From: Joshua Maurice on
On May 9, 9:30 am, "Mike Schilling" <mscottschill...(a)hotmail.com>
wrote:
> Joshua Maurice wrote:
> > It is technically impossible to do a true minimal recompile
> > algorithmically. Let's define it as "Let a build be a set of file
> > compilations. Let the minimum recompile be the minimum such set for
> > which the output class file are equivalent to the class files of a
> > full clean build." First, we'd have to prove such a minimum exists.
> > That's relatively straightforward. With that out of the way, I think I
> > could then prove that the problem is equivalent to the Halting
> > problem. If you define "equivalent" generously, I'm pretty sure this
> > is the case. If you define it as "same binary file content", then
> > perhaps not, though still possibly yes.
>
> Why would you think that?  The ways in which a change to A can affect B is
> finite and well-defined.

Let's suppose the source changed from "2" to "(1+1)". Using the strict
interpretation, the output class files would probably be equivalent
(ignoring debug information like original source code). Thus a rebuild
is technically not required.

Or, a slightly less trivial case: Suppose we have class A which has 2
public static functions A1 and A2 which have independent
implementations.
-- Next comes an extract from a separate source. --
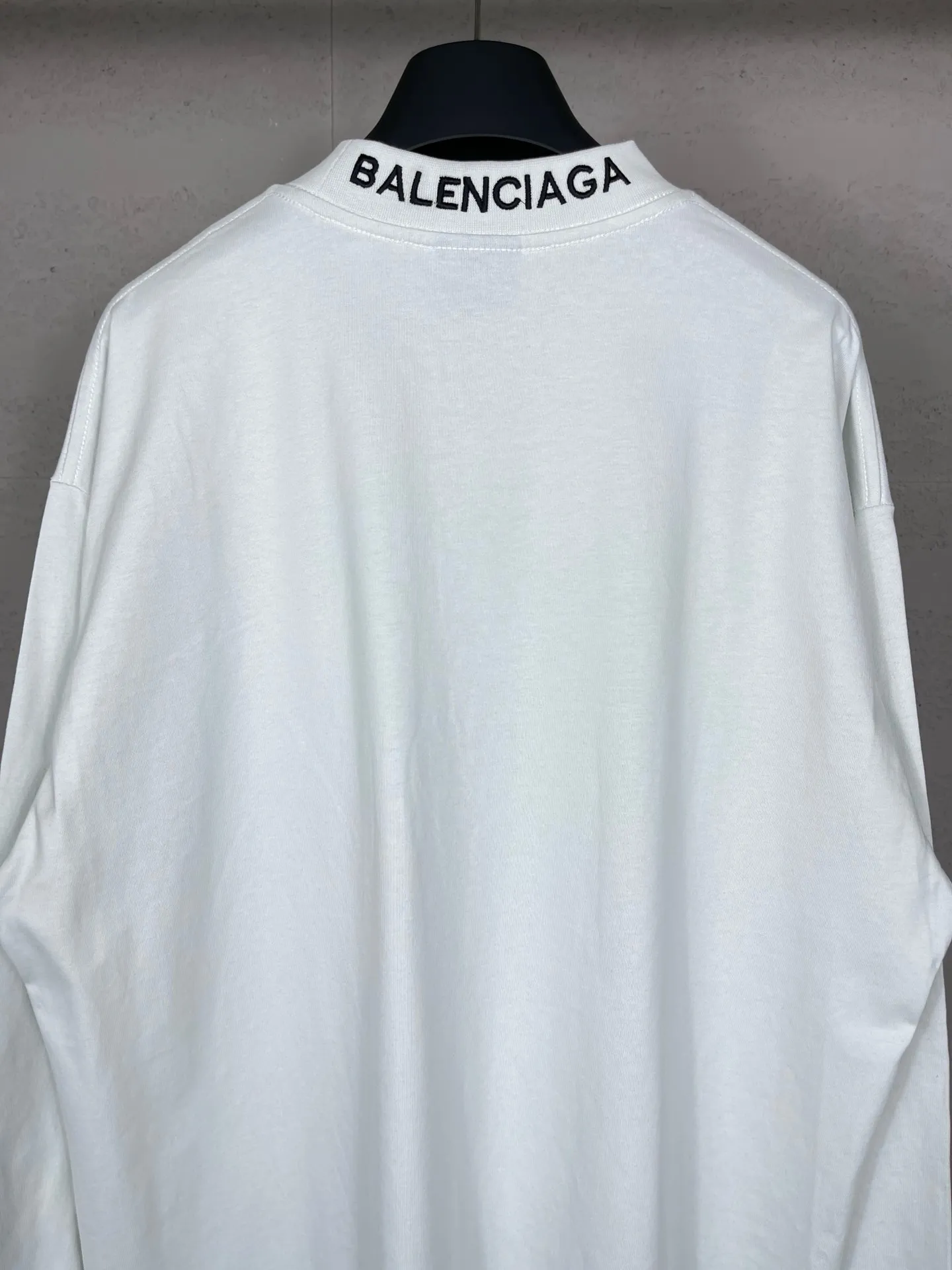 🅿️210 real photos [Top version. Official website quality] BALENCI*GA/Paris BALENCI*GA#520. Limited to the latest model, 520 love. Classic LOGO long-sleeved T-shirt embroidered on the back neck. Brick cabinet synchronization, genuine product development at the first time, welcome to compare. The fabric is made of Paris ZP custom-woven and dyed 100% cotton double-yarn compact cotton. The weight is 260 grams. The cloth surface is clean. The cloth pattern is clear. It is soft and comfortable. It has good color fastness and is not easy to change color. The threads are woven and dyed with no color difference. The printing uses computer direct printing, and the rib embroidery on the back collar has a three-dimensional effect. The version adopts the OS loose shoulder style. Same style for men and women. Code: BL225015 Color: black, off-white Size: XS S M L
Class C uses A1. Suppose someone comes along and
changes A2 in some meaningful way. Class C does not need to be
recompiled, but any sort of file level dependency analysis which is
correct would recompile Class C.

If you define it as binary file contents as equivalent output files,
then it's not equivalent to the Halting problem, I think. However, if
you define it as "The output class files display the same visible
behavior across all valid input", then I think the general case \is\
the Halting problem. You would have to prove for all allowed inputs to
the built program that the behavior is the same with the "minimal"
rebuild and with a full clean build, and that there is no smaller
rebuild which would display the same behavior.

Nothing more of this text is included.